UX teams help AI developers decide what to optimize for. Providing meaningful insights about human reactions and human priorities can prove the most important job of a designer in an AI project.

  • Optimizing for recall means the machine-learning product will use all the right answers it finds, even if it displays a few wrong answers. Let’s say we build an AI that can identify cat pictures. If we optimize for recall, the algorithm will list all the cats, but dogs will appear in the results too.
  • Optimizing for precision means the machine learning algorithm will use only the clearly correct answers, but it will miss some borderline positive cases (cats that kinda look like dogs?). It will show only cats, but it will miss some cats. It won’t find all the correct answers, only the clear cases.

AI and Human Trust
Trust between humans is based on different criteria than trust between humans and machines. Humans trust one another based on factors like reliability, sincerity, competence, and intent. On the other hand, humans’ trust in machines depends on accuracy, consistency, and fallibility, and for many on human ability to successfully interpret how the system works. AI introduces a lack of interpretability along with cognitive augmentation which may lead to a flawed algorithm learning to do the wrong thing causing undesirable consequences and destroying human trust.

Lack of trust in AI is a fundamental UX design challenge.

AI has become a focal component of many companies’ customer-centered strategies. It enables greater personalization, more access to support, and faster service — all components of a better customer experience. It is difficult for customers to have a positive experience with AI without trusting it. One way of addressing this issue is to clue customers into the AI operation.

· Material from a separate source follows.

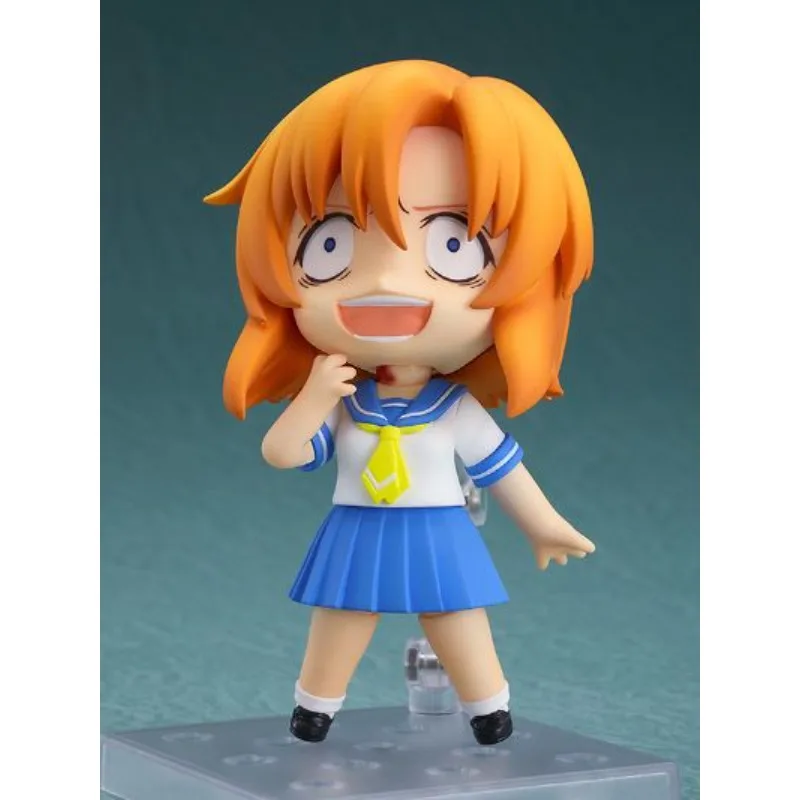 GSC Q-version movable humanoid nendoroid higurashi no naku koro ni gou character model figurines, giving holiday gifts to friend view 3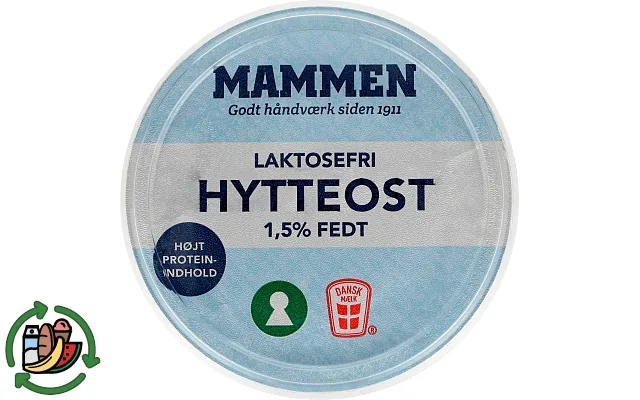 L. Fri Hytteost Mammen product image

There is no need to explain all intricacies of AI/ML theory but rather make customers aware of the data used by machine learning in a relevant context. Such transparency allows for understanding that in turn facilitates positive cognitive exchange that trains AI and elevates user experience. In self-driving cars positively interlinked AI and UX are represented by passenger screens that improve customer trust based on sharing relative cognitive context, in this case, car’s understanding of its location and surroundings.

It is often useful to visually differentiate AI generated content. In many cases, we use AI and machine learning to dig deeper into data, and generate new and useful content. Although it is tempting to believe that a given model can solve any scenario and AI generated content can prove extremely useful for some people, but in some cases, these recommendations and predictions extend beyond acceptable fuzziness of expected accuracy. This issue can be additionally negatively reinforced by not providing enough data or feedback for the system to learn from. Letting customers know that content is AI generated allows them to adjust their expectations resulting in diminished frustration. Providing feedback opportunity allows AI to collect data that it needs to improve.